- [WHAT THE EXERCISE ASKS]:
Exactly the lines starting at the line containing "Levi's 501 Premium" and ending at the line containing "Cadillac CTS Luxury 2012" are to be written out from the listing below, both included.

- [EXTRACTED MATERIAL]:
______
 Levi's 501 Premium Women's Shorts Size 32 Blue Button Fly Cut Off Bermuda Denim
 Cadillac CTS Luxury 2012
______
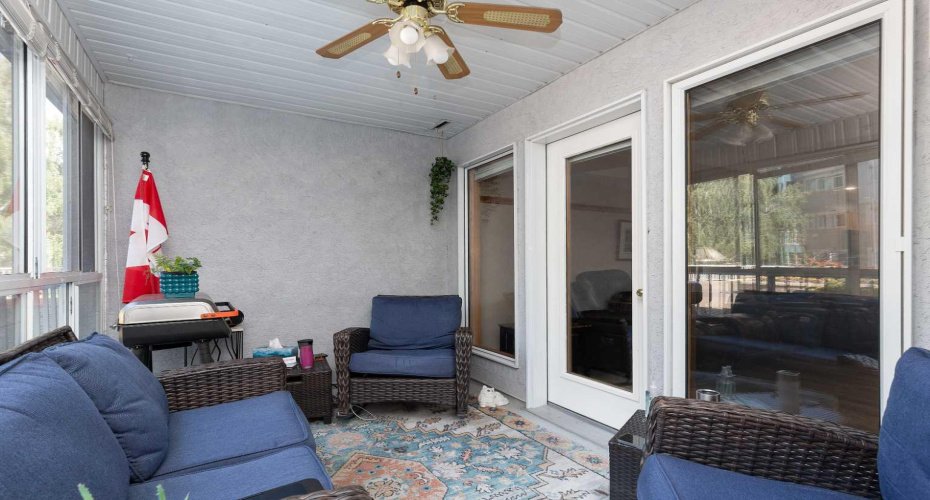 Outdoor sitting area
______
- [TASK RESULT]:
 Levi's 501 Premium Women's Shorts Size 32 Blue Button Fly Cut Off Bermuda Denim
 Cadillac CTS Luxury 2012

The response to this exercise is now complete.